M. M. Pérez*1, G. Rubambiza2, B. Barker3, H. Weatherspoon2, J. O. Giordano1. 1Department of Animal Science, Cornell University Ithaca, NY, 2Department of Computer Science, Cornell University Ithaca, NY, 3Cornell Center for Advanced Computing, Cornell University Ithaca, NY.

Our goal was to build a software infrastructure to integrate data from multiple heterogeneous cow wearable and non-wearable sensors, herd management software, and climate sensors for subsequent data analytics. To address variation in exposed interfaces and data update frequencies to our aggregator, a Python client was prototyped to periodically check for unprocessed files stored on a farm PC. The unprocessed files are forwarded to a cloud-based aggregator. Files are structured to be processed into Google's Protocol Buffer (protobuf) objects. Protobufs allow for minimalistic encoding/decoding of data limiting the size of probable sparse messages such as cow health status and sensor data. Protobufs read and modularize the structures of Excel (XLSX and CSV) files into a singular structure used by the aggregator. In preliminary experiments using protobufs, our client achieved nearly an order of magnitude reduction in the size of data transferred to the aggregator (e.g., 14KB xlsx file to 1500 byte protobuf message).
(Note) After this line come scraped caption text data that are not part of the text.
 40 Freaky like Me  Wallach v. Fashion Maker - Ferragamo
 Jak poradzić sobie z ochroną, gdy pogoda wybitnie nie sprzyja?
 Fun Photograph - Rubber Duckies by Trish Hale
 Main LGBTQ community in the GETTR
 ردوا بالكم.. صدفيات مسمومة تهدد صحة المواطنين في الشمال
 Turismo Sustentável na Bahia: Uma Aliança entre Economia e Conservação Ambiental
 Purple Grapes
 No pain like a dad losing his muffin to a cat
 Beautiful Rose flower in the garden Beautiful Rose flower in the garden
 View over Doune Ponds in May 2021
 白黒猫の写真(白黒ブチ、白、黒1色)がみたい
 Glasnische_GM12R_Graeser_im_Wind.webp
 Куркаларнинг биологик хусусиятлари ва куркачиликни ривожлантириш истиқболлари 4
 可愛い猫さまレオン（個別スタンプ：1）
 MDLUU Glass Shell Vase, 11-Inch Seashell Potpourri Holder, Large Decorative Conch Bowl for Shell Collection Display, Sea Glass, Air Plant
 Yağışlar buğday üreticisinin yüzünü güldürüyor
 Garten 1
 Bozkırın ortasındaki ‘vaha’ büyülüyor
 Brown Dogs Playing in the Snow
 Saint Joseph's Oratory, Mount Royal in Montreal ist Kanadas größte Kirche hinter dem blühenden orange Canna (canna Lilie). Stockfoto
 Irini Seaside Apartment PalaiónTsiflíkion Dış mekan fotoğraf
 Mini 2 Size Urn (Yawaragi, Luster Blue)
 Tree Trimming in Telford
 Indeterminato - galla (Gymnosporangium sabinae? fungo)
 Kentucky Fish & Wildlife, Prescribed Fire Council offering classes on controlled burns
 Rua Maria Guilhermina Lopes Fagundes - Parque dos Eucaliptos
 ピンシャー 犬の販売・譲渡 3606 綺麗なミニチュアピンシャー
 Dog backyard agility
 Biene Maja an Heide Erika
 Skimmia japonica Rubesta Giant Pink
To streamline communication between the data aggregator and analytics services for prediction with improved modularity and reduced data sparsity, incoming data is stored into a NoSQL Cassandra database with a distinct table for each data source. This framework allows querying data using a cow number and timestamp. To transfer data to an analytics pipeline, RESTful queries are implemented to the data aggregator, which serves up CSV files generated from the database. Thus far, the data aggregator receives and integrates data from the herd management software, in-line milk sensors (yield and components), walk-in scale, a physical activity and resting behavior leg-mounted sensor, a rumination and eating behavior neck-mounted sensor, a reticulo-rumen temperature sensor, and climate conditions sensors in and outside barns. In summary, we built a software system that automatically integrates in real-time heterogeneous data from diverse sources at a dairy farm. Aggregated data is transferred to data analytic tools for prediction of cow and herd status and performance.

Keywords: data integration, sensor, prediction.